If you’re unfamiliar with the Robotech saga as told in the old cartoon, it begins when a giant spaceship, the SDF-1, or “Super-Dimensional Fortress” crash lands on earth near a city named Macross in the late 20th Century, soon after World War III has ended.  The military is able to outfit the ship and a few years later, it sets off with a new crew, but not before being attacked by the Zentradi, a race of giant aliens who have come to Earth to claim the ship.  The crew of the ship winds up making an accidental hyperspace jump, is stranded out near Pluto, and has to more or less fight its way back to Earth against the Zentradi. 

That’s the gist of what the author, Jack McKinney (a pseudonym for two writers, James Luceno and Brian Daley), calls the “First Generation,” which is probably the story most people are familiar with when they think of Robotech.  That’s the one with Rick Hunter, who’s kind of like Maverick, if his F-14 turned into a giant robot.  Hunter is the hotshot kid who eventually becomes the hero of the entire war and falls for Lisa Hayes, the kind-of-stuck-up admiral’s daughter, even though he is dating model and future pop star Lynn Minmei (the Lana Lang to Lisa’s Lois Lane … in the context of Smallville … aaaaaaaaand we’re geeking out).

The “Second Generation” is the story of the part of the television series known as the “Robotech Masters,” where the daughter of two supporting characters from the first generation–Dana Sterling–has to help defend earth against the Robotech Masters, the people who were the big bosses of the Zentradi and created all of the technology that earth now uses.  Toward the end of that particular generation, the Masters’ sworn enemies, The Invid (an insect-like race of aliens) approach earth and invade.  The “Third Generation,” therefore, is the story of Scott Bernard and how he helps lead humanity’s struggle to rebel against the Invid and save the world.

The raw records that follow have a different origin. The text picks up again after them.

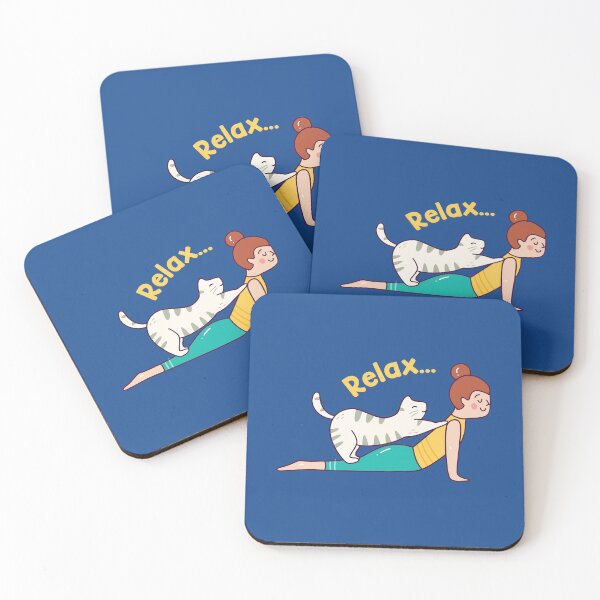 Item preview, Massage Therapist - Kitty_on dark background_funny Design designed and sold by GalacticDust.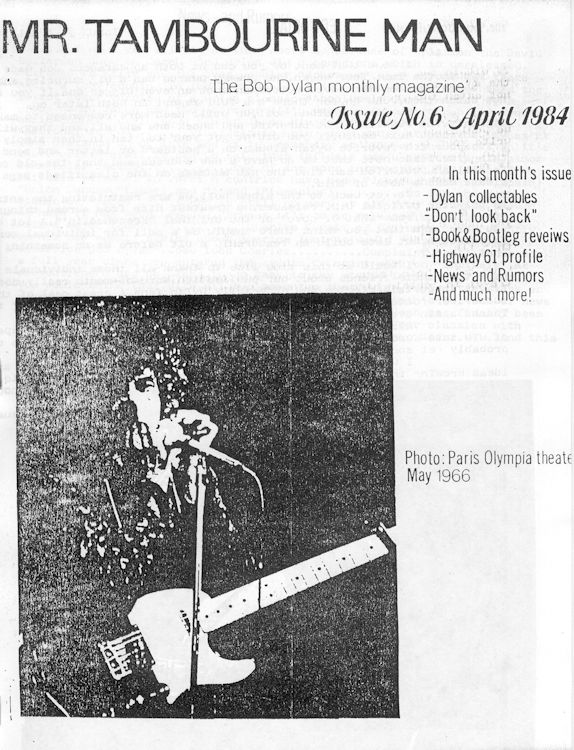 Bob Dylan fanzine Mr Tambourine Man 06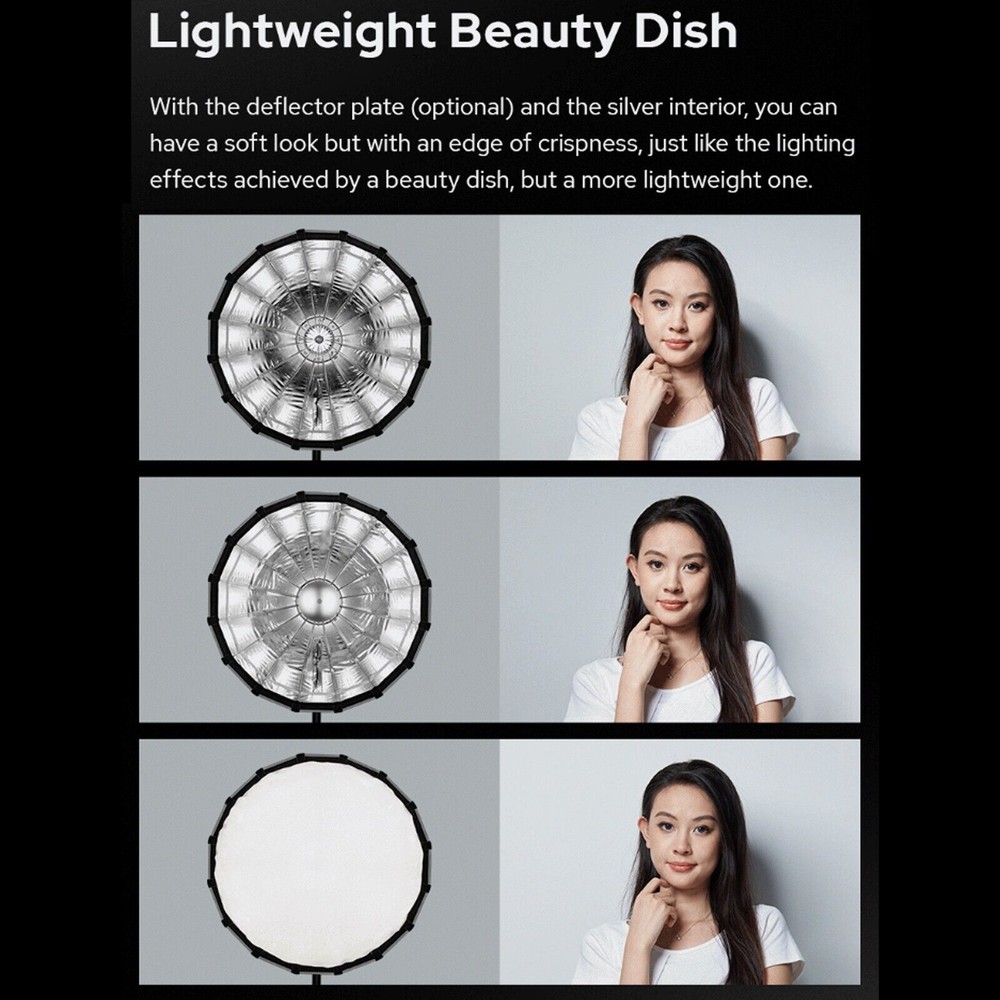 Godox S65T 65cm Umbrella Softbox Quick Release Light Diffuser Reflector + Grid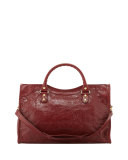Giant 12 Golden City Lambskin Tote Bag, Red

That’s the first twelve books of the series in a nutshell, and they are basically novelizations of what was on the television series, complete with the lyrics to songs that were used on the episodes of the shows.  From what I understand, the authors changed some elements around; for instance, the fuel behind all of this technology was called “protoculture” and it was actually more like a drug that really affected a person’s mind.  Pilots could control Robotechnology with “thinking caps” where they literally flew using their minds.  It was kind of like The Force in that way.  One character, Dr. Zola, got so obsessed with protoculture that he went completely mad scientist … something that I’m not sure happened in the television series.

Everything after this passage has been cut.